Seems like a nice girl. The type that'd throw herself in front of a train if u missed a text or cheat because a piece of amethyst told her to. But her enthusiasm? I've seen happier faces cleaning the handicap toilets at Renaissance Fairs. Pass.
Your significant other gets curious about being on the receiving end of a 1-man firing squad. And before the next round can even be chambered, she's already hypothesizing how to make the end of your life look like an accident. Classic.
Not a bad reason to jump the pond and do a little sightseeing. In fact, throw in a bowl of your finest solyanka and I might make a weekend out of it. [more here]
30 secs in and 2 things have become apparent: 1) I've been grossly mislead about Nebraska's tourism attractions. And 2) at least 50% of the people in comments below this have ejaculated to fully clothed women in the Nordstrom catalogue.
Honestly it makes sense. If infidelity was judged on the widening of your rectal cavity, then every man thats peaked their curiosity at chipotle is a serial cheater.
Probably not the first time she's been fairly compensated for cosplaying as a communal nut pod, but it's gonna be the last time. Sponsored by Coca Cola?
18 year old ass-eating French girl [estefi] is unapologetically raw. If the [anal sex] she partakes in doesn't have you thinking about a month log Euro trip, the combined odor of Pine-sol and frog ass that's lurking behind the camera should.
First warning sign should have been suggesting Ziploc Big Bags as contraceptive. The 2nd was needing to pay for a day pass in order to enter the donkey exhibit.
Using rectal sex as a vehicle to suffer more brain damage than a lifetime of galaxy gas + scrolling TikTok is a tad concerning. It may be time for reevaluation.

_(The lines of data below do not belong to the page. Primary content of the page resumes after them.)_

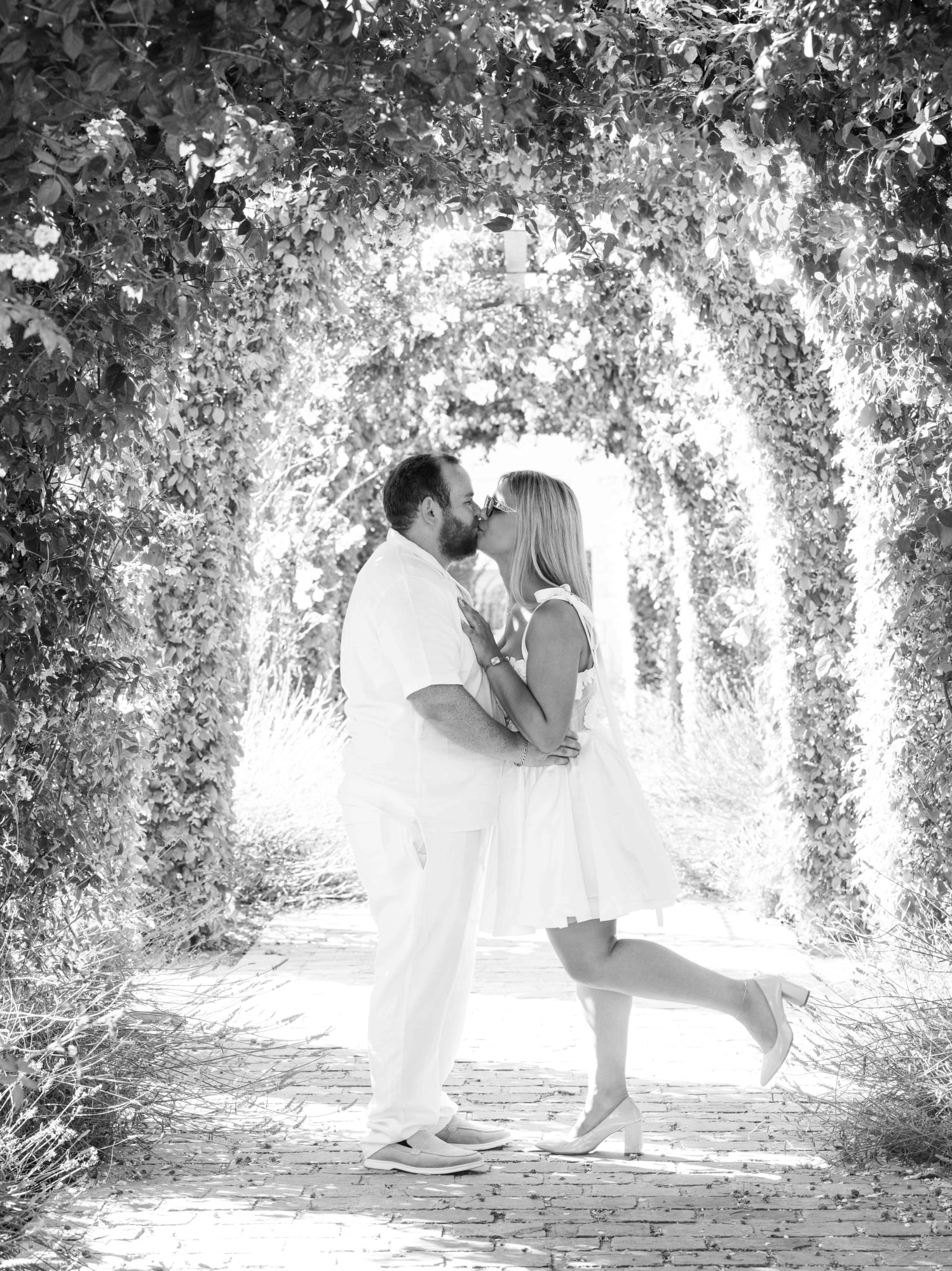 Baiser de Kazia et Lucas sous les arches de la Maladrerie, en noir et blanc, mariage au Maladrerie Saint-Lazare (Beauvais), par Jean-Baptiste Argyre (Jaysphotography)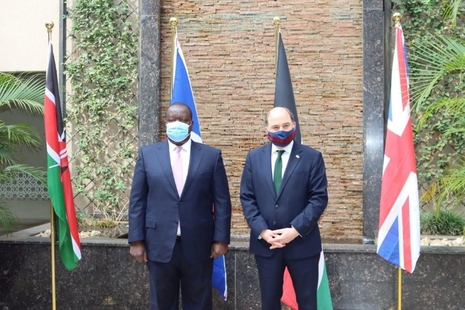 Defence Secretary Defence Ben Wallace stands alongside Dr Fred Matiang’i, Kenyan Cabinet Secretary for the Interior, in front of Kenyan and British flags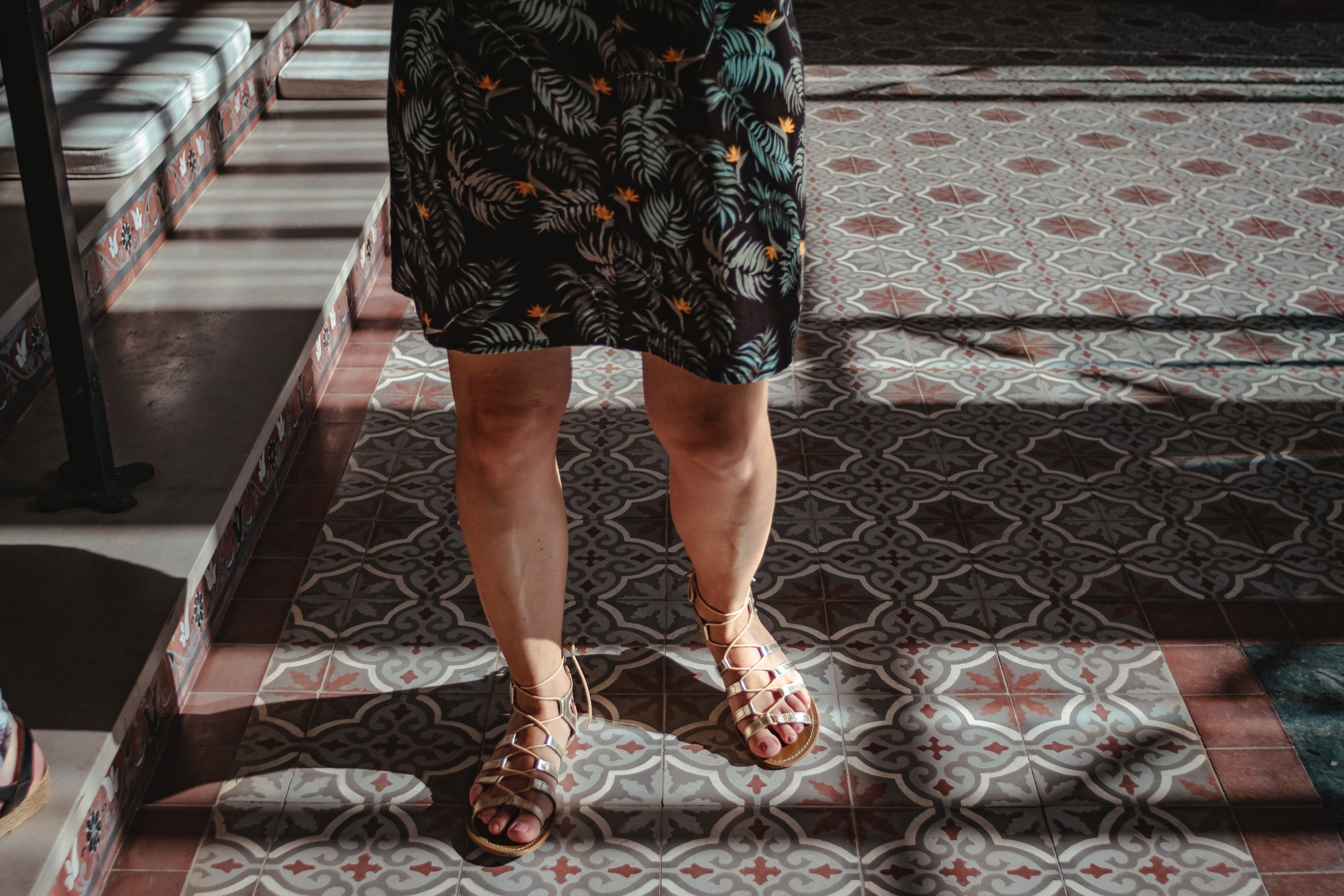 Woman standing on patterned floor tiles
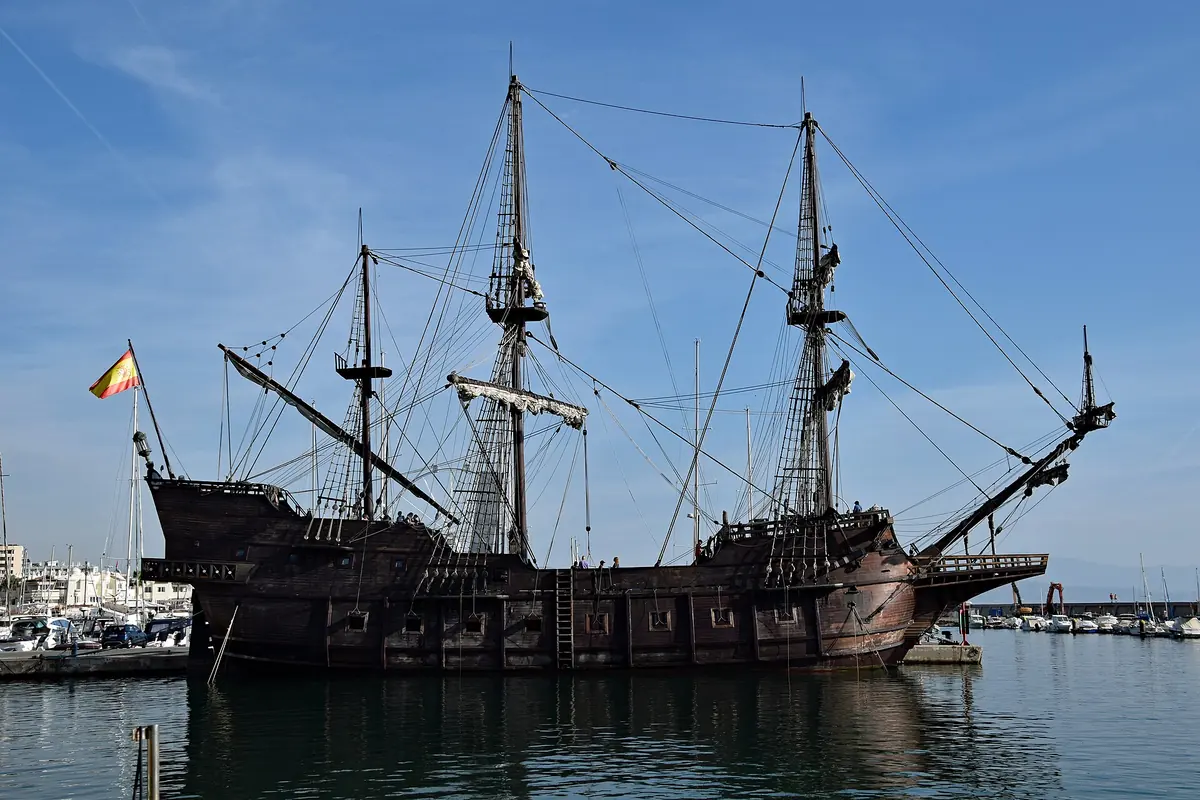 Eine Nachbau-Galeone mit drei hohen Masten und einer spanischen Flagge am Heck, vertäut in einem ruhigen Hafen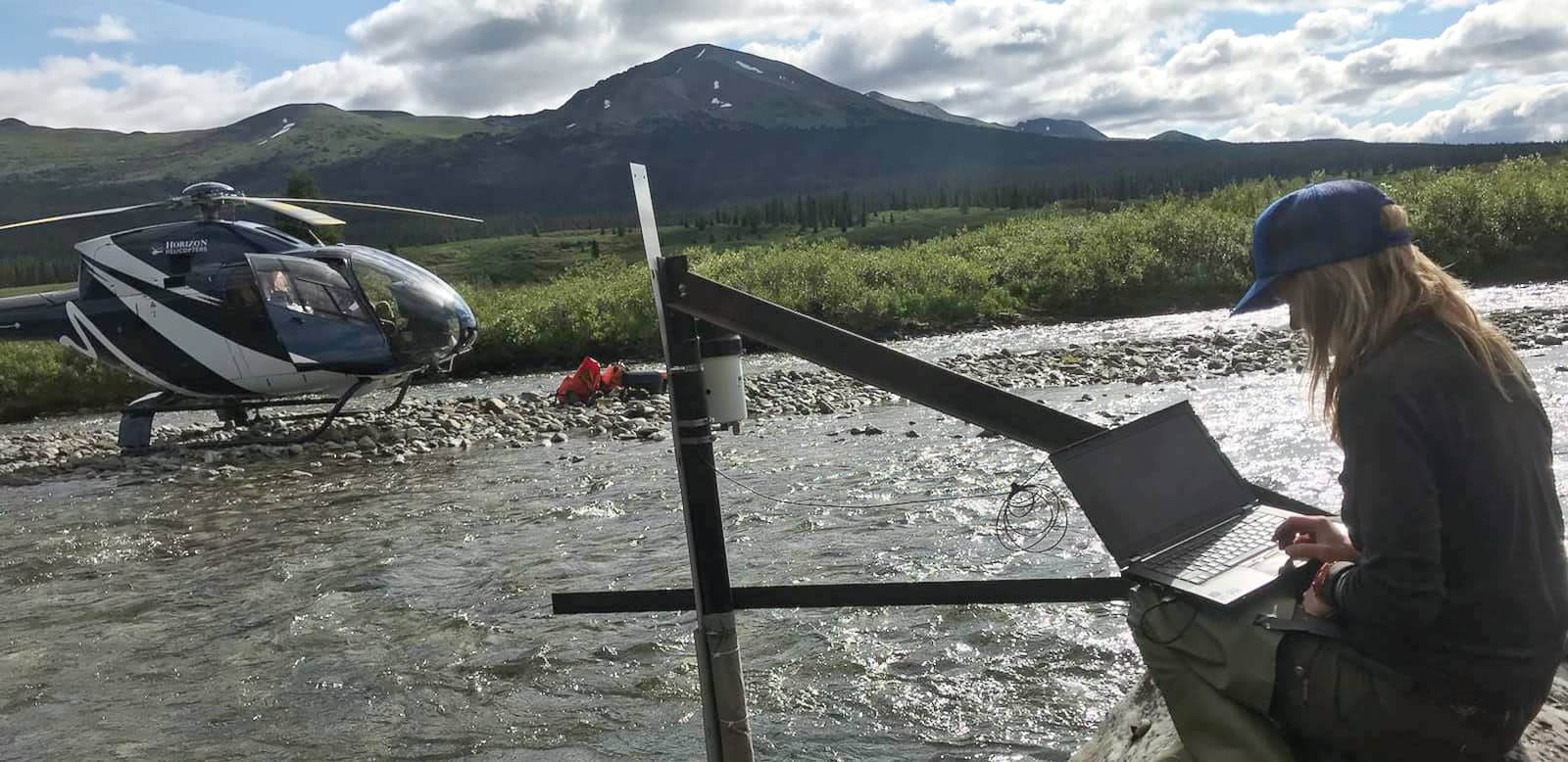 Crystal working one a laptop next to a stream with a helicopter on the other side and mountains in the near background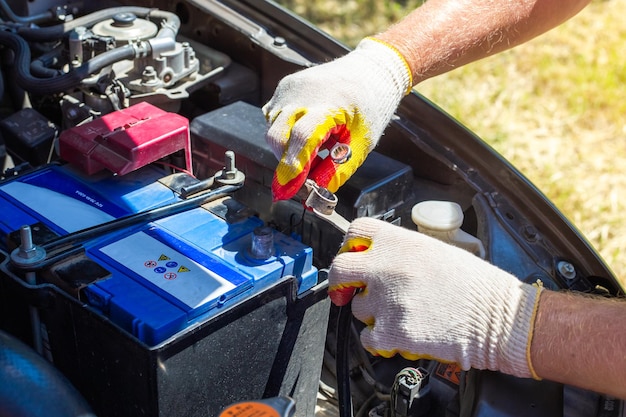 The car mechanic unscrews the car battery holder to repair or replace it. Transport service.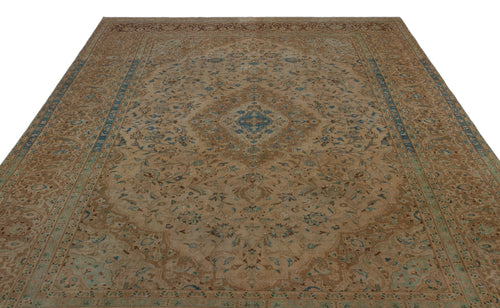 Load image 1 in gallery view. Tan and blue traditional Persian-style rug with a central floral medallion and intricate border on a white background.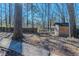 Wooded backyard with a shed and garden at 3887 Mcgill Ln, Decatur, GA 30034
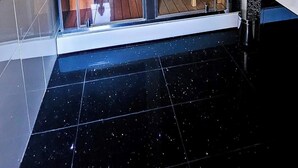 Ein modernes Badezimmer mit einer Glastür, die zu einem Holz-Saunabereich führt.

Originally known as "PP Friends Productions" or "The League Girl", this chick had a small corner of the Internet in a chokehold for like... 6 months. And then disappeared faster than riot breaking out at Waffle House. [more of her here]
Her body-to-box ratio is insane. Literally carved right out of the blueprint for "girls I would give up red meat just to be in the same room as one of her brappers after a solo speed run of Olive Garden's Tour of Italy". In other words -- I fucks with it.
Hey maybe this is your thing, and so be it if it is. I just want to make sure we're all on the same page when it comes to buying modern day remakes and how they should involve as many bodily fluids as possible. Always shop smart. Shop S-Mart.
What drives a mild-mannered college girl to abandon education and pursue a profession of having her insides prepped like a Thanksgiving turkey? Vapes? The zyns? Letting Katy Perry continue to make music? We may never know. [more]
What's truly ridiculous is the volume of desperate comments under this video. Bangladesh treating Xhamster like a dating app will never not be amusing to me.
Between the instructions that actually devolve human beings and whatever the fuck ancient language was trying to leak out of the guy in the last clip, I think it's safe to say we have some form of a predicament in our educational system(s).
The whole keeping up with the joneses thing should probably be an abandoned concept when it comes to pornographic content. If this behavior keeps up the entire capybera population is gun have to be put on an endangered watch list.